Kaiser-Frazer Corporation was a partnership between automobile executive Joseph W. Frazer and industrialist Henry J. Kaiser. In 1947, the company acquired the automotive assets of Graham-Paige, Kaiser-Frazer was the only new US automaker to achieve success after World War II, if only for a few years.
Henry Kaiser had no automotive marketing experience while Joseph Frazer did, He was president of the Graham-Paige Corporation prior to the Second World War. Henry Kaiser was a damn the torpedoes full Speed ahead kind of guy. Joseph Frazer was a realist. As sales for K-F products dropped off in 1949 as Ford Chrysler and GM introduced a new generations of designs, Kaiser pushed for more production creating an oversupply of cars that took until mid-1950 to sell. With nothing but friction between the two, Frazer left the company in 1951, and the Frazer nameplate was dropped after a short 10,000 unit production run. In 1952 the Corporation was renamed Kaiser Motors Corporation and continued building passenger cars through 1955.

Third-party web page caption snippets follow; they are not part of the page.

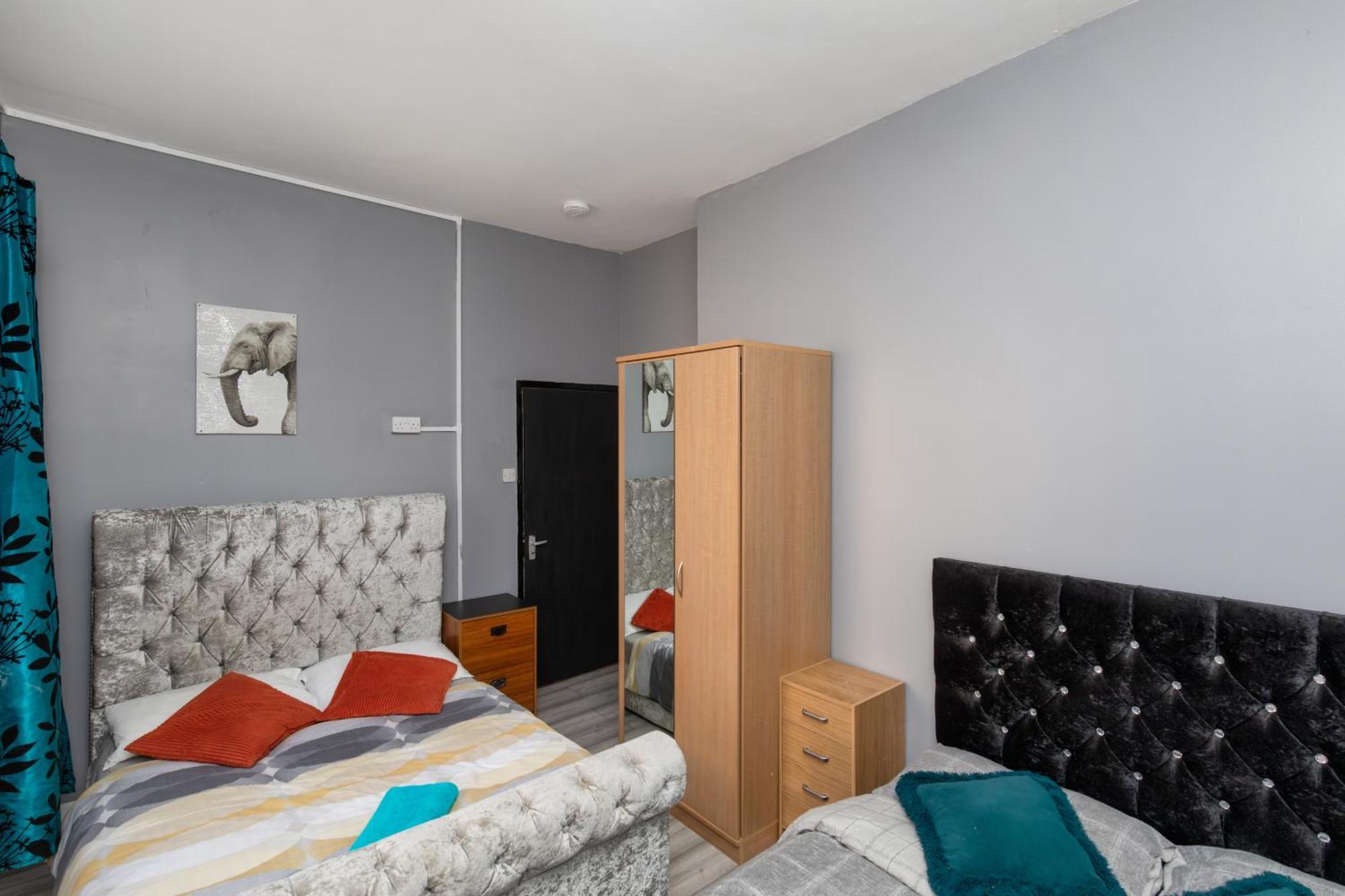 Newcastle City Centre Super Spacious Town House Free Parking And Wi-Fi Luaran gambar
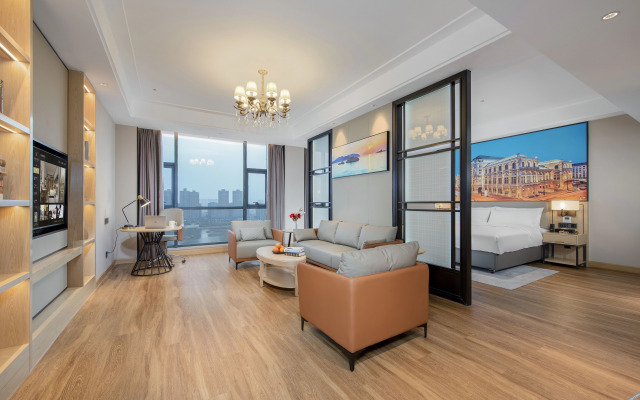 Vienna International Hotel Deng Zhou YingBinGuan
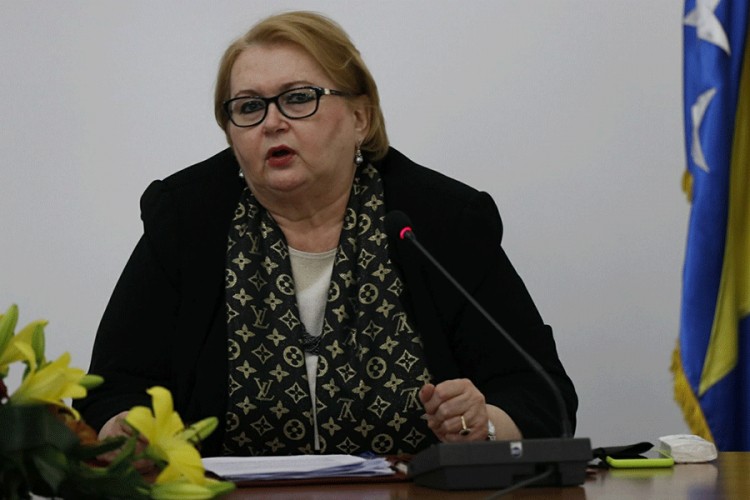 Gadžo: Pokrenuti istragu protiv ministarke Turković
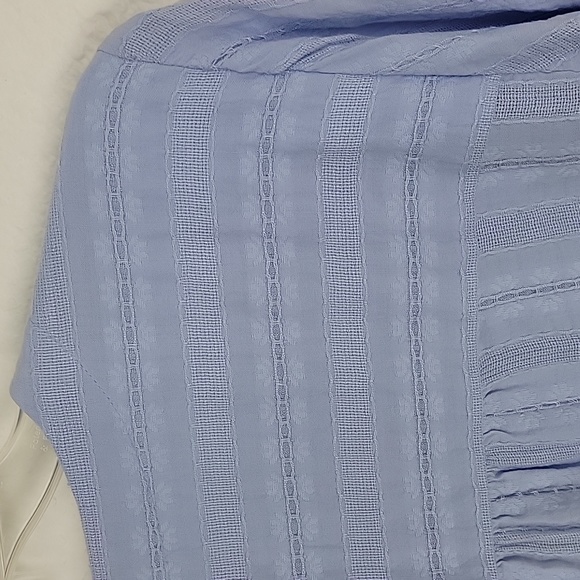 J. Jill buttoned front V-neck blouse light blue size medium - Picture 10 of 11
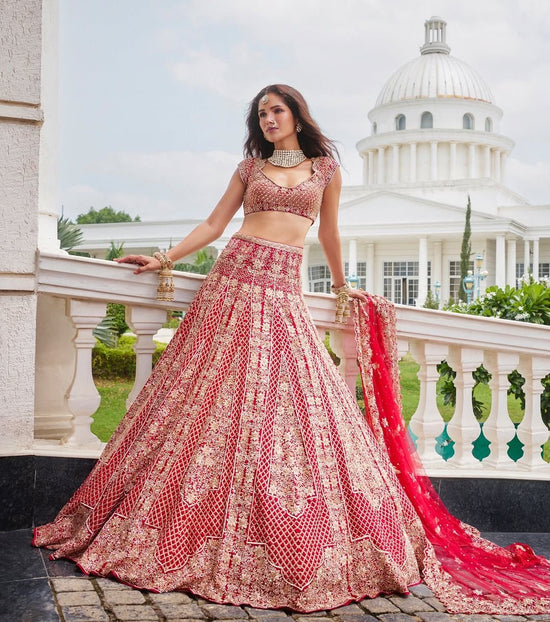 Presenting You Most Beautiful Most Trending Lehenga Collection*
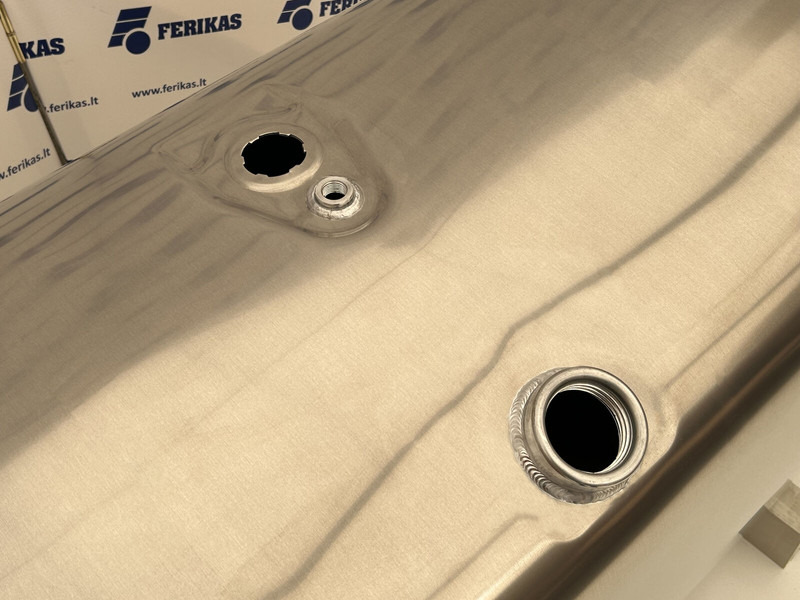 Scania New aluminum fuel tank 485L - Rezervor combustibil pentru Camion: Foto 4 Scania New aluminum fuel tank 485L - Rezervor combustibil pentru Camion: Foto 4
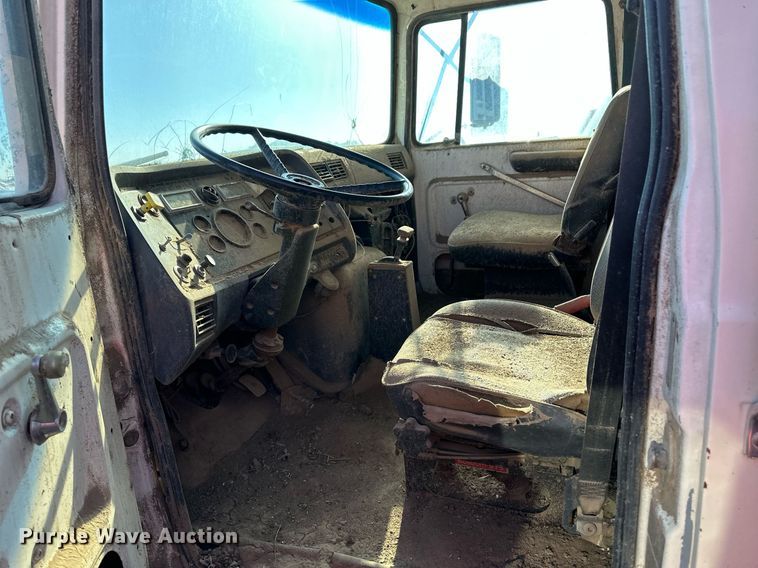 image for item ER8370 1994 Ford L7000 dump truck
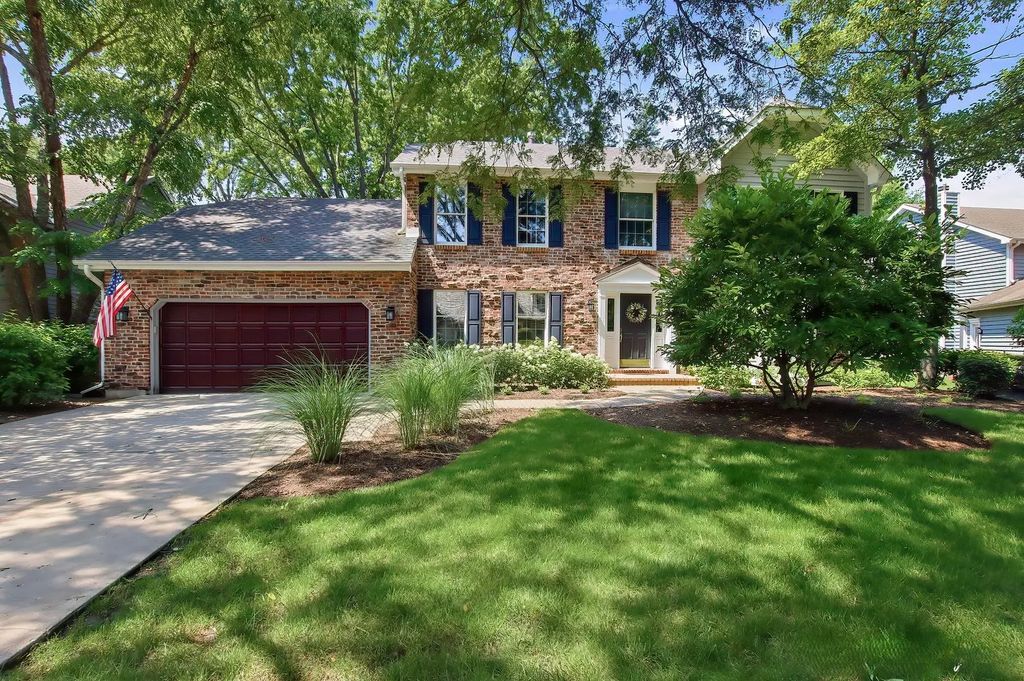 1419 Stevenson Drive, Libertyville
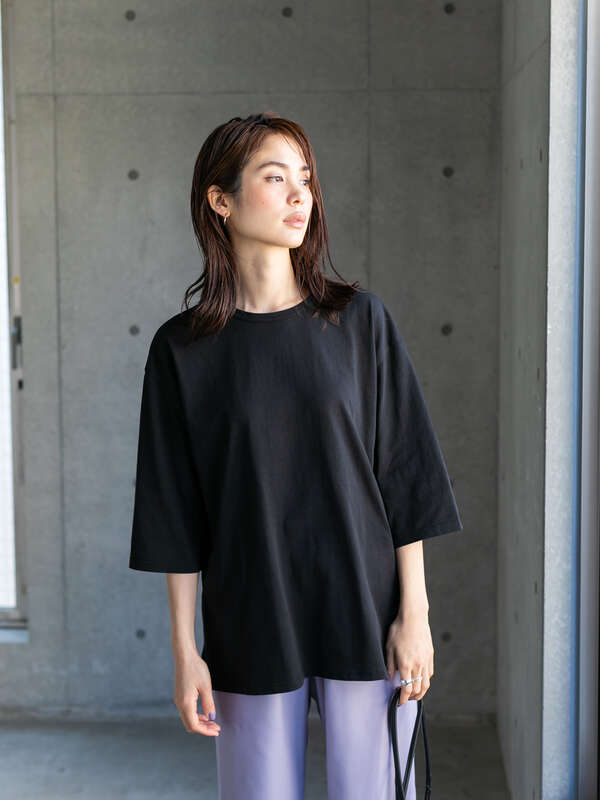 サイドスリットカットソープルオーバー ホワイト ブラック グレーベージュ ライトカーキ Koe コエ のレディースtシャツ Ka01l1c1900 ファッション通販のstripe Club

In 1953 Kaiser bought the strapped Willys-Overland company and merged the Kaiser and Willys became the Willys Motors. The decision was then made to exit the passenger car market, which was accomplished at the end of the 1955 model year. By 1956, Willys Motors was building only utility vehicles, many for export, and was turning a healthy profit.
In 1970, the Kaiser Jeep Corporation, as the company had been renamed in 1963, was sold to American Motors Corporation which continued to manufacture Jeep vehicles until AMC itself was purchased by Chrysler in 1987 for $360 million. Chrysler wanted the Jeep vehicle line and had estimated that for them to create a similar competing product and build a reputation to match would have cost in excess of $1 billion.